His knee presses into the mattress beside her hand. The camera strap pulls tight against his neck, the lens pressing cold against her bare arm. The room smells of turpentine and dust and something else — his skin, salt and heat, the linen of his shirt rumpled from the afternoon.
He doesn't move closer. He just looks at her, the camera held between them like a question he's afraid to ask wrong. 'I want to show you,' he says. The word show lands in her chest, heavy and warm, settling somewhere she'd forgotten existed.
She nods. Doesn't trust her voice. Her fingers curl against the mattress, the diamond bracelet catching the late sun, throwing a scatter of light across his wrist.
He lifts the camera. She flinches — a small, sharp pull backward, her shoulders locking, the light in the room suddenly too bright. He stops. Lowers it just slightly. 'Trust me,' he says. It's not a demand. It's an offer, and the difference cracks something open in her throat.
She forces herself to breathe. Holds his gaze. The silence stretches thin between them, filled with everything they haven't said. Her hand lies still on the mattress, palm up, waiting.

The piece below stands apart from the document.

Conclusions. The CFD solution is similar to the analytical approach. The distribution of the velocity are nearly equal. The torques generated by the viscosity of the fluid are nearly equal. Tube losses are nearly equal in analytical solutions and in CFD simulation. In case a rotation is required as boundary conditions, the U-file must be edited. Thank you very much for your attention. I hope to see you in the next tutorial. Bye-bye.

He lifts the camera again. Slower this time. She hears the focus ring turn, a soft mechanical whisper. The shutter clicks once. The sound is small and final, like a door closing in a house she's been standing outside for years.

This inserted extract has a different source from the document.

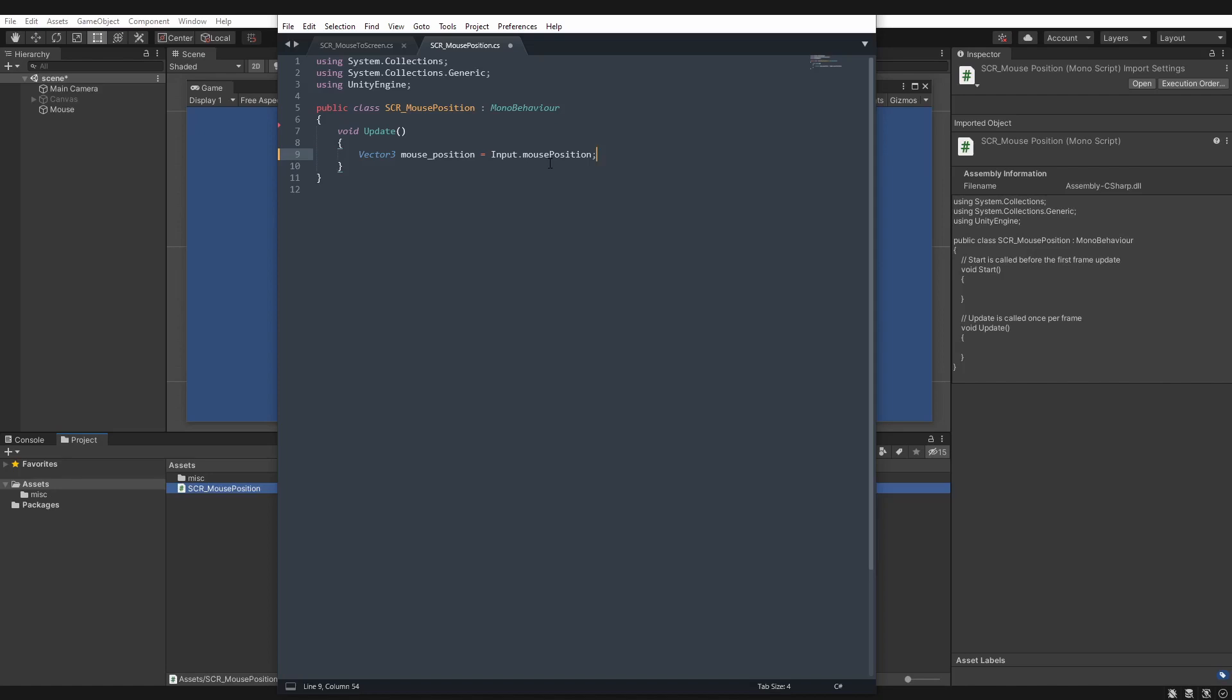Now I think I would prefer a vector2 myself, as the screen is represented in two dimensions, but it's not a big deal.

He lowers the camera. His eyes find hers again, and there's no distance in them. No lens between them. Nothing to hide behind. 'You looked alive,' he says.
Her chest caves open. Not a sob — something quieter. A breaking she's been holding off for four years, the edges of it sharp and unexpected. She looks down at her hands, at the ring on her finger, at the diamond bracelet that feels heavier than it did a moment ago.
'No one's looked at me like that in a long time,' she says. Her voice is rough, scraped from somewhere unused, and she doesn't know if she means the camera or the way he sees her without it.
He doesn't respond. He just sets the camera down beside them on the mattress, the strap pooling between them like a shadow. The gesture is deliberate. A surrender. Or an invitation. She's not sure which. She's not sure it matters anymore.
Her hand moves before she decides to move it. Fingers uncurl from the mattress, the diamond bracelet catching the low sun as her palm opens toward the camera strap pooled between them. The leather is warm. His warmth. She touches it with one finger, then wraps her thumb around the curve, the weight of the camera shifting against the mattress.
He doesn't move. Doesn't speak. She feels his eyes on her face, on her hand, on the strap she's pulling toward herself inch by inch. The camera slides across the worn floorboard, the lens turning in the amber light, and she stops when it's close enough to touch properly.
She lifts it. Not to look through — just to hold. The body is heavier than she expected, the metal still warm from his hands. The strap hangs loose from her grip, brushing her thigh. She can smell him on it. Coffee. Salt. Something clean and sharp beneath.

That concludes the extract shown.